Kitap Tanıtımı |
İnsanoğlunu bütün mahlûkat içinde zirve teşkil edecek bir sûrette ahsen-i takvîm üzere yaratan, ona rûhundan üfleyerek ulvîliklere yükselme istîdâdı bahşeden, gönderdiği hidâyet rehberi kitap ve peygamberlerle bizleri hakka ve hayra istikâmetlendiren; peygamber vârisi âlim ve âriflerle de mânevî irşad silsilesinin kesintisiz devâmını lûtfeden Allah Teâlâya sonsuz hamd ü senâlar olsun!
Kâinâtın Fahr-i Ebedîsi, enbiyânın serveri, âlemlere rahmet, emsalsiz örnek şahsiyet, bu cihanda en büyük rehberimiz, kıyâmet gününde ise şefâat melceimiz, Sevgili Peygamberimiz Hazret-i Muhammed Mustafâya, Onun pâk ehl-i beytine, ashâbına ve etbâına sonsuz salât ü selâmlar olsun!
Yüce Zâtını en çok Rahmân ve Rahîm isimleriyle bizlere tanıtan Rabbimiz, nihâyetsiz merhametinin bir eseri olarak, biz kullarıyla dost olmayı istiyor ve bizleri Dârus-Selâma / saâdet ve selâmet yurdu olan Cennete dâvet ediyor. Bu dâvetin icâbet şartı ise, Hakka dostluk ufkunda, takvâ üzere bir kulluk hayatı yaşayabilmek...

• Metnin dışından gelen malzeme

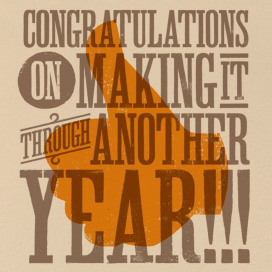 Congratulations Thumbs Up - Birthday Card by Paperless Post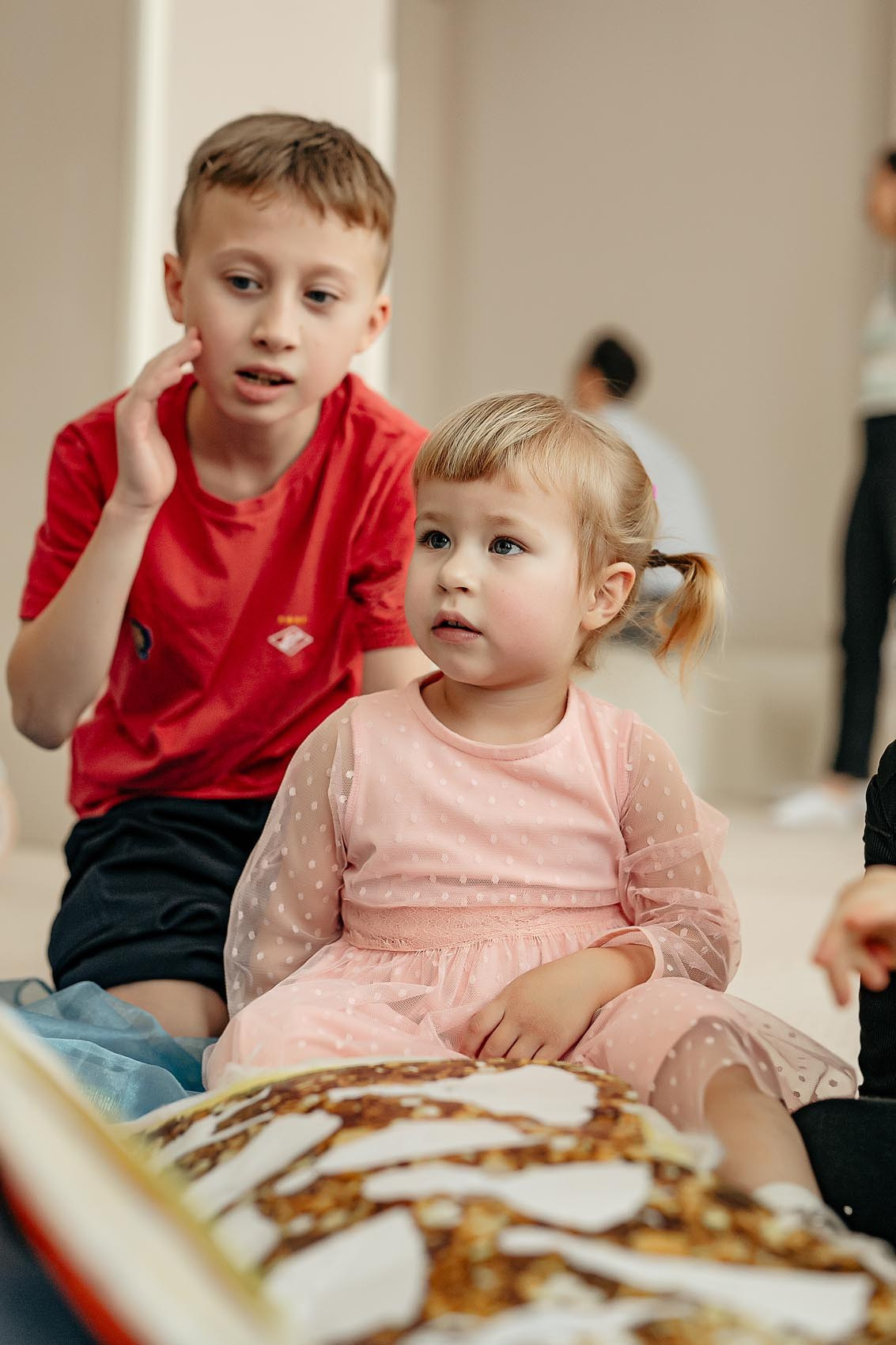 Детский день рождения в Мечты. Владивосток семейный фотограф Александр Степанов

Allâhın Habîbi r Efendimizin mübârek dilinde; Refîk-ı Alâ / En Yüce Dost diye ifâdesini bulan Hakka vuslat iştiyâkı, Allah ve Peygamber âşığı müminlerin de en büyük arzusu olagelmiştir.
Bu cihanda, kimin daha güzel ameller işleyeceğinin imtihanını vermek üzere bulunuyoruz. Bu zâhirî gurbet âleminde, gerçek bir dostluğun gerektirdiği gibi Rabbimizle kalben ve rûhen beraber olabilmek, Onu hiçbir zaman hatırımızdan çıkarmamak ve dâimâ Onun rızâsını aramak, en büyük kulluk edebimizdir. Öyle ki, ebedî âlemde Hakkın cemâline vuslatımız da, Hakka dostluğumuzun seviyesi nisbetinde gerçekleşecektir.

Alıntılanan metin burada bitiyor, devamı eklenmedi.